In a disclosure to the Philippine Stock Exchange, the firm said it saw broad-based gains, particularly across its food, beverage, infrastructure, and power businesses, highlighting the conglomerate’s strategic focus and sustained contribution to the Philippine economy.
Net income was also boosted by foreign exchange gains and a valuation uplift on its 33 percent residual investment in the Ilijan power facility and Excellent Energy Resources Inc. (EERI) facilities.
Excluding these one-off items, core profit rose nine percent to ₱36.7 billion, as most units delivered solid operational performance and maintained sound cost management.
Revenue declined nine percent to ₱718.2 billion, reflecting lower contributions from the Power group after the Ilijan and EERI deconsolidation, and softer crude prices in the Fuel and Oil segment. Strong performances from the Food, Spirits, and Infrastructure businesses helped offset the decline.
Operating income improved three percent to ₱87.7 billion, led by gains in Food, Spirits, and Infrastructure, and supported by margin expansion in the Power business.
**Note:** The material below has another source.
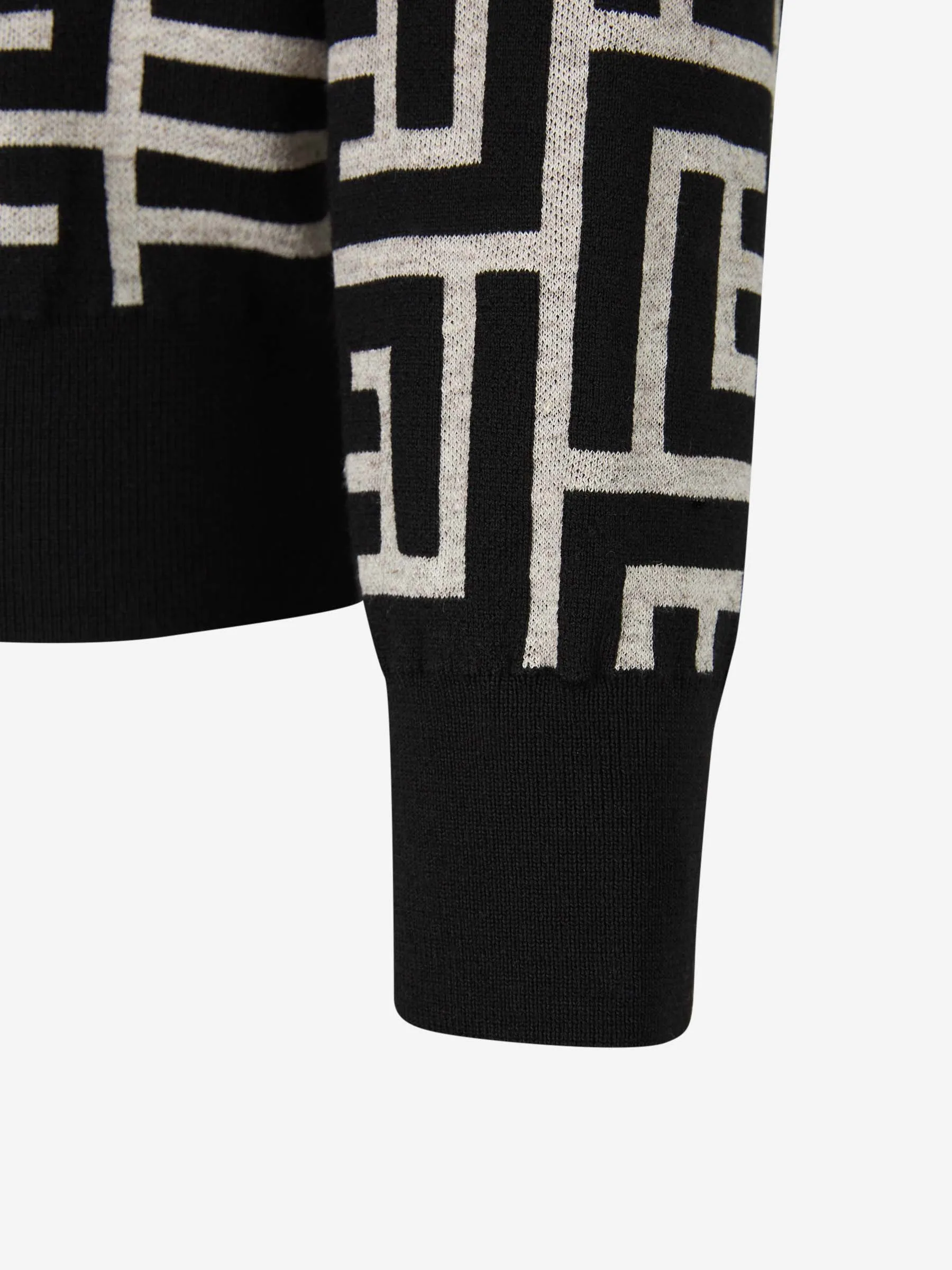 Balmain Sudadera Monograma Bicolor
Consolidated EBITDA increased 11 percent year-on-year to ₱126.3 billion.
“Our first-half results reflect the resilience and adaptability of our diverse portfolio. By staying focused on efficiency, discipline, and strategic priorities, we have sustained our growth momentum and continued to contribute to our country’s progress,” said SMC Chairman and CEO Ramon S. Ang.
San Miguel Food and Beverage, Inc. (SMFB) reported first-half consolidated net income of ₱23.0 billion, up 15 percent from the previous year.
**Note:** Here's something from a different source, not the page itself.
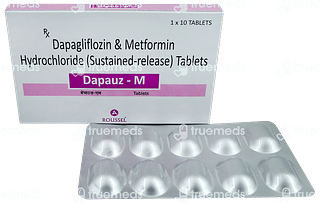 Dapauz M 5/500 MG Tablet Sr 10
San Miguel Global Power’s revenues fell 19 percent to ₱80.1 billion, reflecting the impact of the Ilijan and EERI deconsolidation. The decline was partly cushioned by the full six-month contributions of new power facilities, and significant contributions from its battery energy storage systems (BESS) facilities.
Operating income of ₱22.1 billion was four percent lower due to the impact of the deconsolidation. EBITDA rose 14 percent to ₱34.4 billion while core income was higher at ₱12.6 billion.
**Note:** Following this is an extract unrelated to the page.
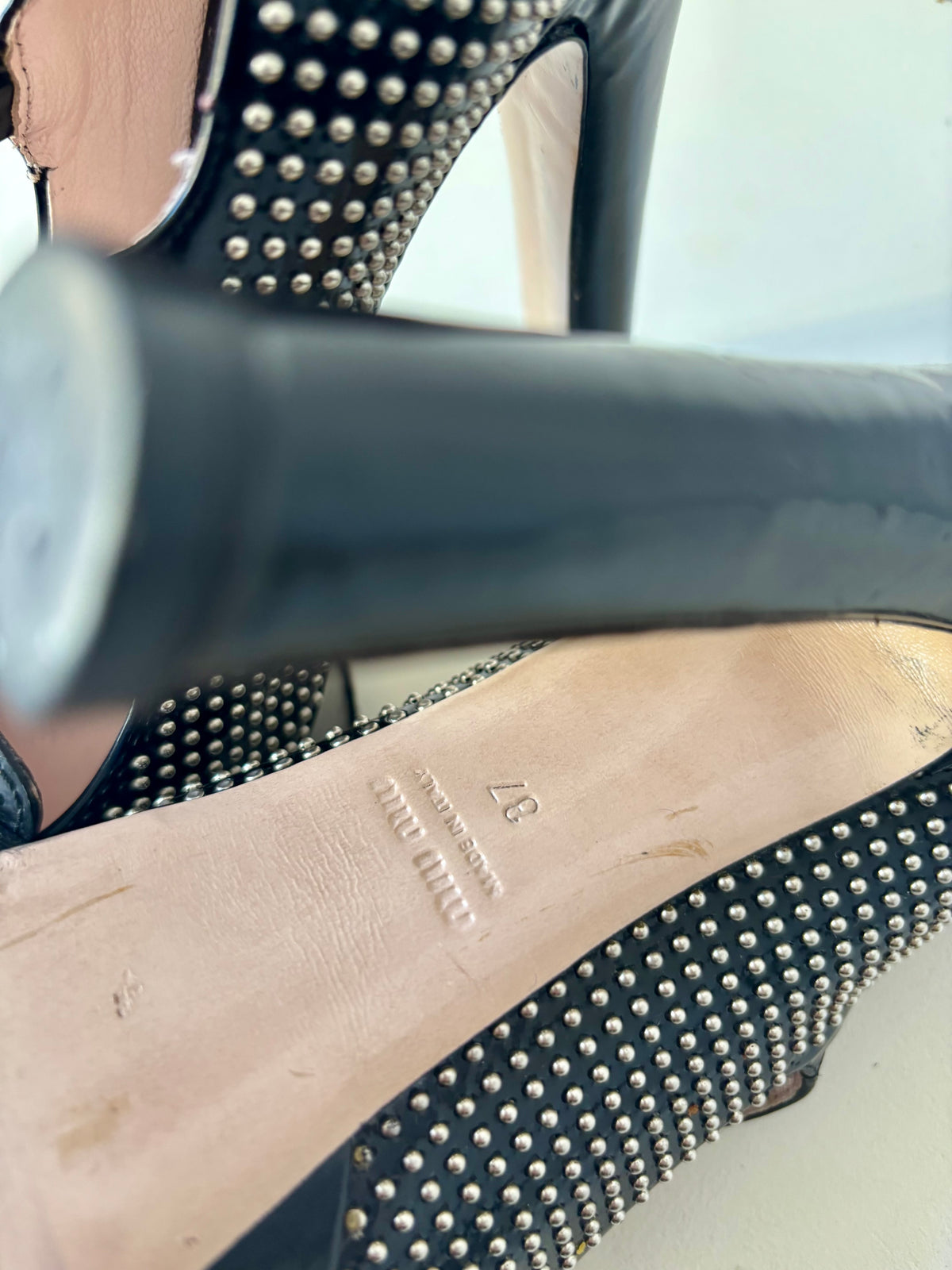 Miu Miu Mary-Jane cloutées – 37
Petron Corp. remained resilient amid market challenges, posting a net income of ₱5.3 billion for the first half of the year as revenues reached ₱386.4 billion, down 13 percent from the same period last year, mainly due to lower international oil prices and decreased volumes from its trading operations in Singapore.
SMC’s Cement business, which includes Eagle Cement, Northern Cement, and Southern Concrete Industries, generated consolidated net sales of ₱17.8 billion, down six percent from the comparable period last year, due to lower sales volumes and weaker average selling prices.
The decline was brought about by heightened competition amid the continued influx of imported traded cement, even as market demand also softened. EBITDA was down three percent to ₱5.2 billion while operating income fell 12 percent to ₱3.5 billion.
SMC Infrastructure registered a seven percent growth in revenues to ₱19.9 billion in the first half, on the back of a continued increase in average daily traffic at all its operating toll roads.
EBITDA and operating income grew by eight percent and 13 percent to ₱15.8 billion and to ₱11.1 billion, respectively, supported by effective operational management and cost control.